Responsabilidad lingüística compartida

Tres años escolarizado en Educación Infantil; seis años, en Educación Primaria; cuatro años, en Educación Secundaria Obligatoria. Trece años. Trece años sin dejar de leer ni de escribir, sin dejar de hablar u oír; y, sin embargo, qué uso del idioma tan pobre, qué bajos niveles ofrece el alumnado en su expresión, qué preocupantes carencias con la comprensión.

Trece años de escolaridad; como mínimo, trece años, que vienen a ser unos 2.340 días bajo un techo y unas directrices académicas.[1] ¿2.340 horas de trabajo específico sobre habilidades lingüísticas? ¿Sesenta minutos diarios en el más que utópico de los escenarios? Dos mil y pico horas de lengua materna recogidas en los horarios escolares y todavía los guarismos sobre la cuestión que nos convoca siguen siendo los que no nos gustaría que fueran. Qué impotencia, ¿verdad? «¿Cómo es posible?», se preguntan y nos preguntamos. Dos mil horas en el aula y…

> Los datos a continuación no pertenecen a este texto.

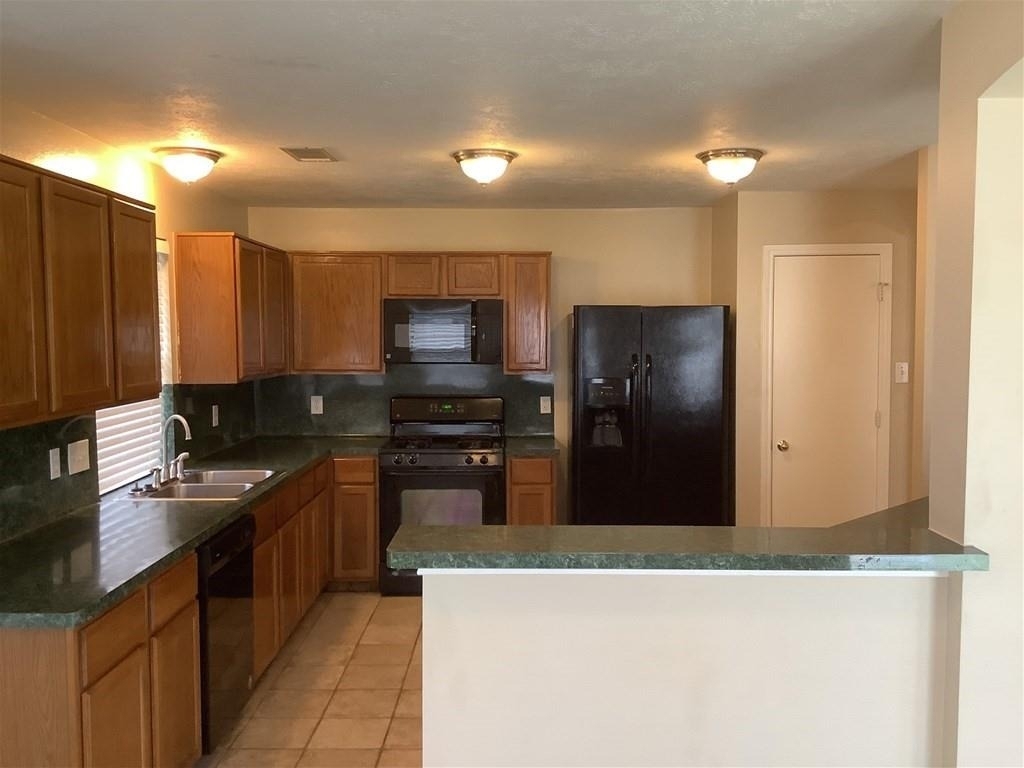 1423 Hunter Green Lane - Photo 2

Pero si cambiamos el prisma, seguiremos viendo trece años, los que van desde el primer año de Infantil hasta el último año de la ESO. Trece años. Cuatro mil setecientos cuarenta y cinco días; repito: 4.745 días. Casi cincuenta y siete mil horas de vigilia si los discentes durmiesen doce horas diarias; o sea, 56.940 horas disponibles y utilizadas, de una manera u otra, para la expresión y comprensión tanto escrita como oral.

Si aceptamos que 2.340 horas son horas escolares dedicadas exclusivamente a la función metalingüística, nos quedan unas 54.600 horas de comunicación idiomática sin que medie la escuela; o sea, el 95’89% del tiempo. Con estas cifras, ¿cabe atribuir a la escuela la exclusiva responsabilidad del problema planteado?


[1]. Nueve meses por año, veinte días por mes. Cifras aproximadas, no exactas.